# to paint the grille or not to paint the grille?



## Guest (Feb 26, 2003)

ok i have a white 03 spec v and was wondering if u guys think the ser emblem looks good on the grille even if u dont paint the grille aluminum or somthing. and do u reccomend just painting the grille aluminum or buying the already aluminum one at stores???


----------



## cburwell (Oct 11, 2002)

I have seen the SE-r emblem on the stock Spec grille. I think it looks ok. What I really like is the grille with nothing on it!

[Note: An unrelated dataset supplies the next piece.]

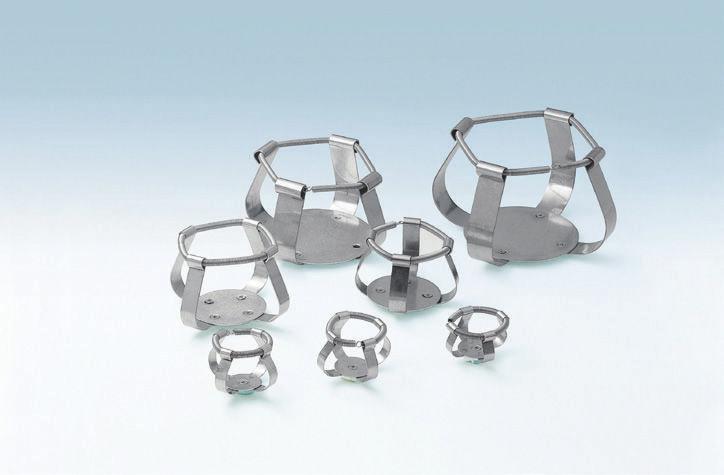 for Incubated Shakers Flask clamps Plastic clamps (plastic) Funnel clamps Dedicated platforms Universal platforms / Flask clamps / Funnel clamps Universal platforms provide flexibility for mixing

If you end up getting another grille that is already silver, hold on to your stock grille (And uninstall it carefully), because those things are worth a pretty penny from the dealership (Like $200 just for the top), so someone will buy it off of you.


----------



## Guest (Mar 2, 2003)

ok thanks ....damn thats a lot of money for the grille


----------



## Guest (Mar 4, 2003)

The black stock grill chips supper easily anyhow - like most of Nissans Paint jobs - so I'd suggest buffing it up a little and painting the original. Saves you from doing a crappy trim job on gutter guard. Looks better with nothin on it though I have to agree.


----------



## johnp69 (Feb 22, 2003)

well i think the se-r emblem looks sweet on the grille, go for it


----------



## SentraXERacer (Oct 7, 2002)

As with a few other members, I think the grille looks best with nothing on it. Nobody has ever put one of the Spec V emblems on it. Maybe you should try that.


----------



## Guest (Mar 17, 2003)

I put a large SE-R logo on the front of my '03, and it looks great. I also took some acetone, and took the red out of all the SE-R badges, let me see if I can post some pics tommorrow


----------